---- Dataset records
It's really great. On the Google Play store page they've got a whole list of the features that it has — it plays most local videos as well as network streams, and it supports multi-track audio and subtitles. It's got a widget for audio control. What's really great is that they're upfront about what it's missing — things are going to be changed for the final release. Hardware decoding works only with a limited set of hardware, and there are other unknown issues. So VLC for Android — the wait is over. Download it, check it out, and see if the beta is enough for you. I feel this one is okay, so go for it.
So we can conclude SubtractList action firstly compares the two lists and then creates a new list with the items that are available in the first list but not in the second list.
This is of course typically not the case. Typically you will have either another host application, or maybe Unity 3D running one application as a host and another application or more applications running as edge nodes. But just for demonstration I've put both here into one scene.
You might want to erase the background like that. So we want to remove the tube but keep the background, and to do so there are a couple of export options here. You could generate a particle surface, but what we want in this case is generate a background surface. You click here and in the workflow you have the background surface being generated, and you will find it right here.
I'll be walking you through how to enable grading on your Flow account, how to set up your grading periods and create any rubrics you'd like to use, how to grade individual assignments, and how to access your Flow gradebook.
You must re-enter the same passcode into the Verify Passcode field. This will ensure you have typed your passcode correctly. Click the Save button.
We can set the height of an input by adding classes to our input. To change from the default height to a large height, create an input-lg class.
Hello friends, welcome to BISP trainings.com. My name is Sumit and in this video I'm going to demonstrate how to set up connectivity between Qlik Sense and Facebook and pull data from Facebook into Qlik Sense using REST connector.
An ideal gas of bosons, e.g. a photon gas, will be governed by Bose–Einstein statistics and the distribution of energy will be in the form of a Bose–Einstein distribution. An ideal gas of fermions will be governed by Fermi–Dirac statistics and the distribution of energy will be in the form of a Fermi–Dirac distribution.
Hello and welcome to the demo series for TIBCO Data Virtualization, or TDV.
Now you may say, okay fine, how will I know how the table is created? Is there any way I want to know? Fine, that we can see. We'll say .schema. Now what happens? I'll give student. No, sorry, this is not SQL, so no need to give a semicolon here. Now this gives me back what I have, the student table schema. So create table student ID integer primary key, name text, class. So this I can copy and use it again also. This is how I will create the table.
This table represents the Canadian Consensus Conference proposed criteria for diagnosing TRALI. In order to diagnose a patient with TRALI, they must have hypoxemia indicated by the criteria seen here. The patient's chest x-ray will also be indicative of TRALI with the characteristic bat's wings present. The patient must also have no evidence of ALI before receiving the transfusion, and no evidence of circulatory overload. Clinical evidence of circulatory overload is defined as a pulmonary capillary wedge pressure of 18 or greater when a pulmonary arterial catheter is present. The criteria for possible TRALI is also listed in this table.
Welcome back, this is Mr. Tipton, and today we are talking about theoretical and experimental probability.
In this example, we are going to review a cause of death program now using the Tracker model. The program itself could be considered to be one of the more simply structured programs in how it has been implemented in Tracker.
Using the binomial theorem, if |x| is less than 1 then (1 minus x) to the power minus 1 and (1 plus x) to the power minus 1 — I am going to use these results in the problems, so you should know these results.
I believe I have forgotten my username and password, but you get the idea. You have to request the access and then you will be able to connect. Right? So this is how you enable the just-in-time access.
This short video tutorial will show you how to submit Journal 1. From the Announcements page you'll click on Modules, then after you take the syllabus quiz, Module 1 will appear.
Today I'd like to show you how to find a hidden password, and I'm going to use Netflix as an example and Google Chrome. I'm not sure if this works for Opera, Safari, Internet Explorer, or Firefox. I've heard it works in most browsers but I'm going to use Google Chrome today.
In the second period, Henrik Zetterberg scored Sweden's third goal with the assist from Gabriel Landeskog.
--------
● Work required
Check each line of the entries for "second" and copy those that have it.

● Finished task
So we can conclude SubtractList action firstly compares the two lists and then creates a new list with the items that are available in the first list but not in the second list.
In the second period, Henrik Zetterberg scored Sweden's third goal with the assist from Gabriel Landeskog.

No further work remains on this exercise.